Analysts at Jefferies estimate that a 200bps year-on-year reduction in loan growth can impact earnings by 1%–6% and a 300bps lower fee can impact earnings by 1%–4%. Considering how banks have refrained from giving any guidance on growth for FY22, following a likely lacklustre first quarter of FY22, the brokerage’s estimates may well play out.
“Right now, again, given the second wave of Covid-19 that we are seeing currently, we’ll have to just wait and see how this trajectory unfolds, how the vaccination drive kind of goes ahead, [and] what steps are taken in terms of lockdowns and restrictions. So, all of that we will have to kind of wait and watch for, maybe a month or two, before one can comment on a more precise outlook,” ICICI Bank told its investors in its fourth-quarter earnings call.
However, here’s some respite for borrowers. Customers who opt to recast their exposure will not see their credit scores impacted, though their accounts will be tagged as ‘Restructured vide RBI circular May 5, 2021’. In other words, for lenders, the customer pool remains intact, though the question is their willingness to consider such borrowers.
“If lenders adopt a highly conservative attitude towards otherwise good customers because they are restructured, then they will struggle to grow without the denominator support along with the risk of worsening their NPAs”, Kumar points out. But some bankers differ.
“When we know that a borrower’s financials are stretched, why would banks cross-sell or up-sell to such a customer?” the head of retail assets at a mid-sized bank points out, adding, “The focus would rather be on quality preservation than growth, at least till economic activities normalise”.

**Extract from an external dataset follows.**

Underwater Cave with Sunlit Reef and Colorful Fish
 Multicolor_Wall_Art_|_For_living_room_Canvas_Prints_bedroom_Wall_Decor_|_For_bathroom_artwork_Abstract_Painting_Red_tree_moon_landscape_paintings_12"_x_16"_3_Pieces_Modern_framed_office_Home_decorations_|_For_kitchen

Further, with the pool of credit worthy customers — prime and above with a credit score of 731 and more — gradually reducing, growing a quality book will be the key challenge for banks in FY22, whether or not loans are restructured.
The bottom line
With the regulator having done its part, the onus is now on banks to ensure that restructuring 2.0 doesn’t end up as an exercise of kicking the can down the lane.
That said, the process of preserving asset quality could come at the cost of growth, profitability, and fee income. But if it could eventually lead to better capital utilisation, that should assume priority over other factors.